I'm trying to make a large DataFrame from a bunch of smaller DF. so I've look at multiple sites a nd they all mention to use the pd.concat()
method and create an empty DataFrame. I did, however when I print inside my for loop I still get data as if it was still sectioned by individual DataFrame, and when i print my (now supposedly filled DataFrame ) I get an empty DF.
Note: All tables have the same structure
import camelot
import pandas as pd
# GETS 73 tables
pdf_data = camelot.read_pdf('GMCC services 8517404.pdf', flavor='lattice', pages='1', encoding='utf-8' )
all_data = pd.DataFrame()
for info in pdf_data:
df= info.df
# GETTABLE IN DATAFRAME
# df = info.df
# concatenate alltables in one dataframe
# all_data = pd.concat([all_data, df.reset_index(drop=True)])
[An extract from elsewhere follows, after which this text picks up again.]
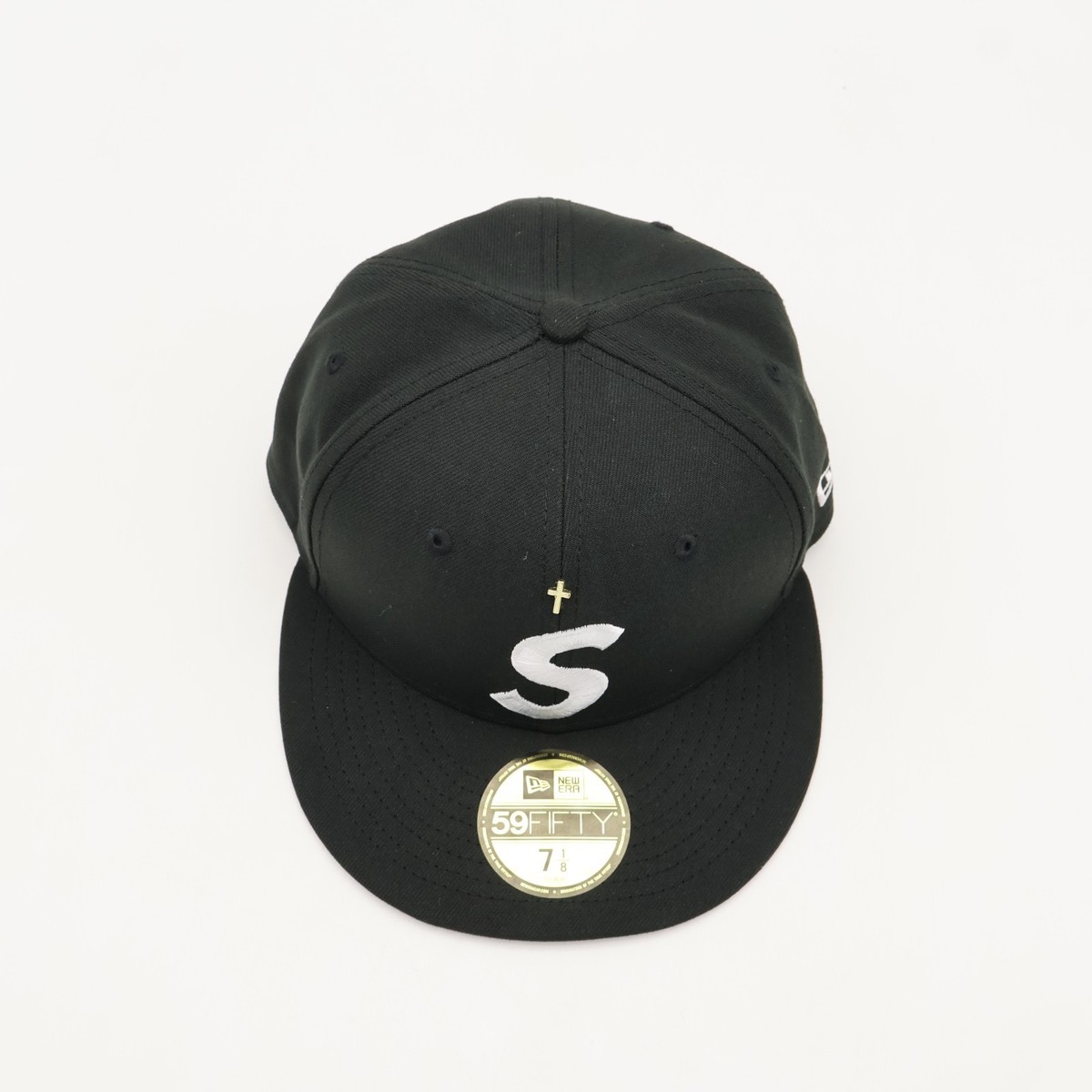 Supreme Gold Cross S Logo New Era Black | eBay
master = pd.concat([all_data, df.reset_index(drop=True)])
# CHANGE COLUMN NAMES FOR REAL DATA
master = master.rename({0:'product_no',1:'description', 2:'quantity', 3:'net_price', 4:'total'}, axis='columns')
# GET SITECODE
site = master.iloc[-1, 0]
# GET FIRST ROW && DROP FIRST ROW OF EVERY TABLE
master = master.reindex(master.index.drop(0)).reset_index(drop=True)
# # CREATE COLUMN SITE WITH SITE CODE
master['site'] = site
# Drop LAst ROW on EVERY TABLE
master.drop(index=master.index[-1],
axis=0,
inplace=True)
# # concatenate alltables in one dataframe
# all_data = pd.concat([all_data, df.reset_index(drop=True)])
print(master)
# services = all_data.groupby('description')
# unique_sevices = services.apply(lambda x: x['net_price'].unique())
# print(unique_sevices)
what I'm currently getting:
product_no | description | quantity | net_price | site |
0 11223 | Gen desc. 1 | 5 | 19 | USCA |
1 22334 | Gen desc. 2 | 11 | 15 | USCA |
product_no | description | quantity | net_price | site |
0 55667 | Gen desc. 5 | 10 | 15 | USNY |
1 22334 | Gen desc. 2 | 3 | 11 | USNY |
What I want:
product_no | description | quantity | net_price | site |
0 11223 | Gen desc. 1 | 5 | 19 | USCA |
1 22334 | Gen desc. 2 | 11 | 15 | USCA |
2 55667 | Gen desc. 5 | 10 | 15 | USNY |
3 22334 | Gen desc. 2 | 3 | 11 | USNY |
CodePudding user response:
Try:
all_data = pd.concat([t.df for t in pdf_data], ignore_index=True)
If you want to loop and modify your data, you can collect them all in a list and use concat
after the loop:
list_of_df = list()
for table in pdf_data:
df = table.df.rename({0:'product_no',1:'description', 2:'quantity', 3:'net_price', 4:'total'}, axis=1)
df["site"] = df.iat[-1, 0]
df = df[1:-1]
list_of_df.append(df)
master = pd.concat(list_of_df, ignore_index=True)